In an increasingly dangerous world, even after the first terrorist attack on America, John Kerry and the liberals in Congress voted to slash America's intelligence operations. By $6 billion. Cuts so deep, they would have weakened America's defenses. And weakness attracts those who are waiting to do America harm.

The key phrase here is "after the first terrorist attack on America." At first viewing, I took this as a reference to the aftermath of 9/11. (Millions of other viewers probably did, too; no doubt the scriptwriters meant us to make the connection.) This puzzled me, because nobody proposed cutting intelligence after 9/11. On second viewing, though, I realized that the phrase was a veiled reference to the first bombing of the World Trade Center in 1993.

Once this is clarified, the rest becomes plain. The Bush campaign appears to be repeating a falsehood that the Republican National Committee first propagated last March. We've been through this before, but now, with the "Wolves" ad, it's worth reciting again.

In 1995, several legislators, among them Sen. Kerry, did introduce amendments to cut the intelligence budget by $1 billion to $1.5 billion, which, spread out over several years, could have added up to $6 billion.

But these were not cuts in the sense that the term is usually understood. Certainly none of the amendments would have resulted in a cut—much less a "slash"—in "America's intelligence operations," as the ad puts it.

Here's the background: In the early-to-mid '90s, the National Reconnaissance Office—the branch of the U.S. intelligence community that controls spy satellites—had come under investigation for serious financial malfeasance. The probe found vast waste, extravagance, and hoarding. In one instance, the NRO canceled the launching of a highly expensive spy satellite, didn't tell Congress (or any federal agency) about it, and kept the money.

So, Congress voted to cut the budget—not to curtail intelligence operations, but simply to retrieve money that was never spent. As I put it at the time, "[I]t's as if Kerry had once filed for a personal tax refund—and Bush accused him of raiding the Treasury."

Another distortion in the "Wolves" ad: It wasn't just "the liberals in Congress" who voted for this refund. The sponsor of the Senate amendment that passed—and it passed without controversy—was Arlen Specter, Republican of Pennsylvania.

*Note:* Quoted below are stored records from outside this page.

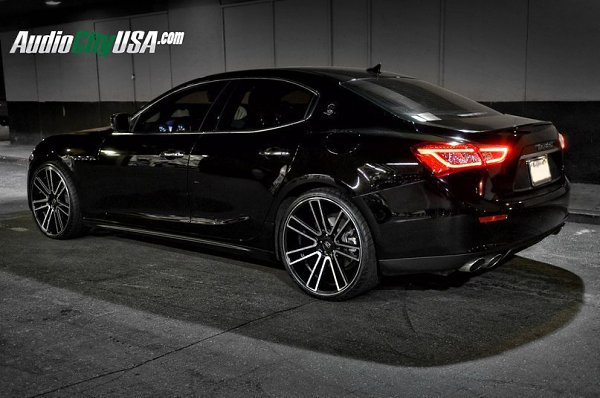 2014 Maserati Ghibli on 22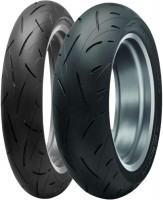 Photos - Motorcycle Tyre Dunlop SportMax RoadSport 2 160/60 -17 69W 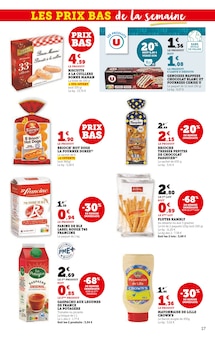 Promotion Bonne Maman dans le prospectus Super U, valable du 01/07/2025 au 13/07/2025 Promo Bonne Maman dans le catalogue Super U du moment à la page 17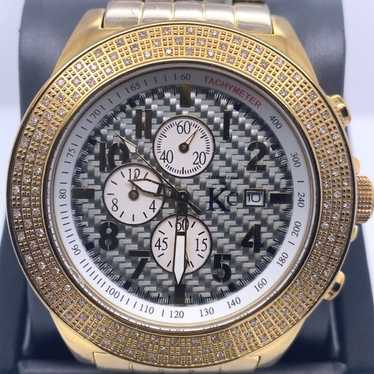 スイス製　TECHNOS テクノス 18K GOLD CROWN TE-064 スイス製 TECHNOS テクノス 18K GOLD CROWN TE-064 - メルカリ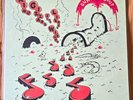 King Gizzard & The Lizard Wizard Gumboot Soup LP Flightless 2017 Red/White
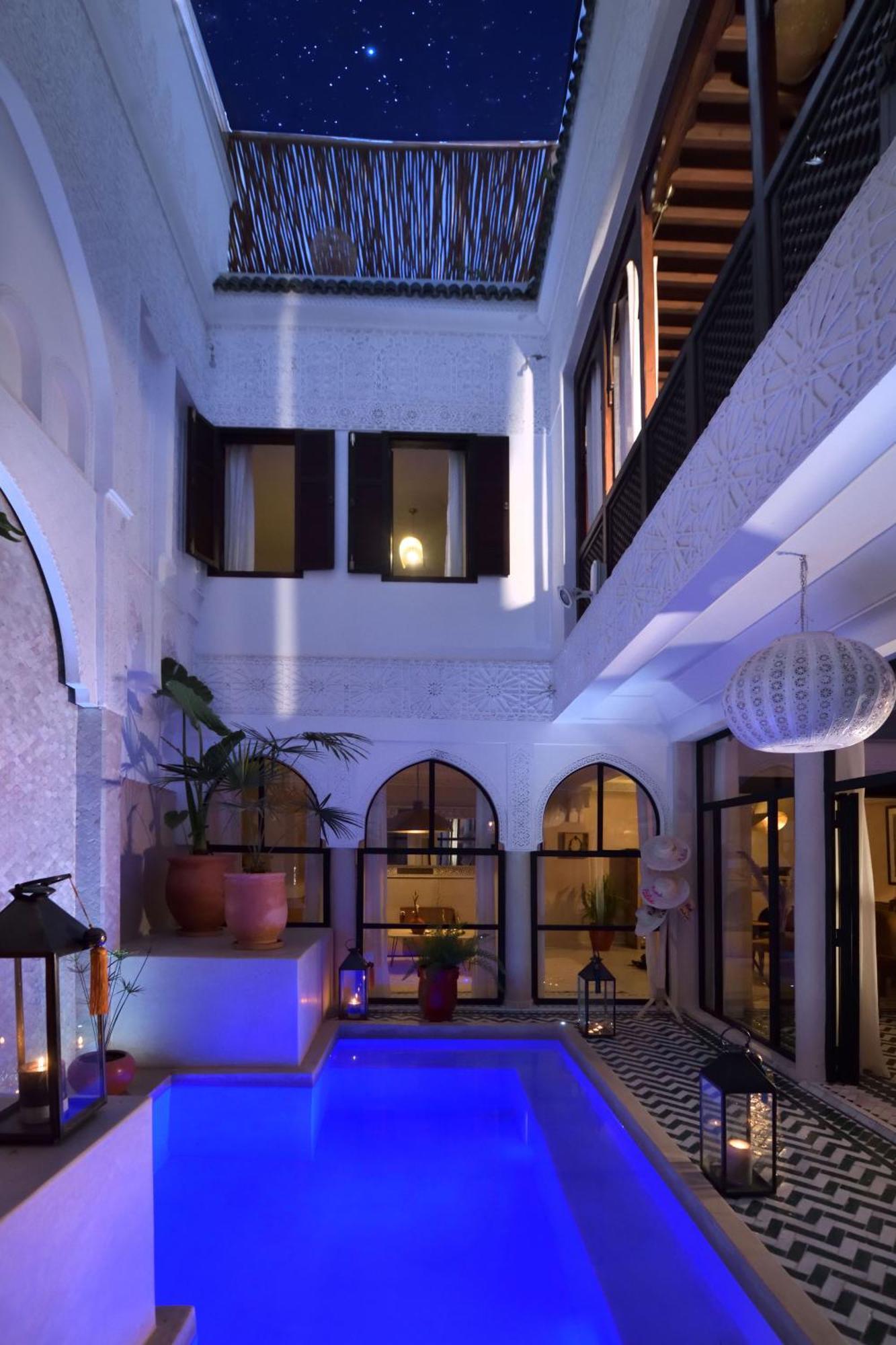 Riad Palau Marrakesh Bagian luar foto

Now, it may be that the ad is referring to a slightly different amendment, an omnibus deficit-reduction bill that Sen. Kerry proposed in 1994. It would have imposed cuts across several federal agencies, including a $1 billion cut—for that year and each of the following five years—in the intelligence budget. Kerry didn't link these cuts to specific programs, though the NRO scandal was emerging, and it was widely known that waste and inefficiency pervaded intelligence programs, especially in the high-tech sectors. The amendment didn't pass, mainly because omnibus budget cuts of all sorts rarely pass.

If this is the bill that the "Wolves" ad refers to, Sen. Kerry might be charged with legislative vagueness, but hardly with pushing "deep" cuts that "would have weakened America's defenses." The annual intelligence budget totaled about $30 billion at the time. In other words, Kerry's bill would have cut it by 3 percent.

By the way, Kerry was hardly alone in proposing intelligence cuts. Around the same time, in 1995, Rep. Porter Goss—who was chairman of the House Intelligence Committee—co-sponsored another omnibus budget-trimmer, which among other things would have cut intelligence personnel by 4 percent a year in each year from 1996 to 2000. Goss, of course, is the man that President Bush recently appointed as the director of the Central Intelligence Agency. If the wolves are coming after anyone, they have more cause to howl at Porter Goss—and, by implication, George W. Bush—than at John Kerry and the Democrats.
Fred Kaplan writes the "War Stories" column for Slate.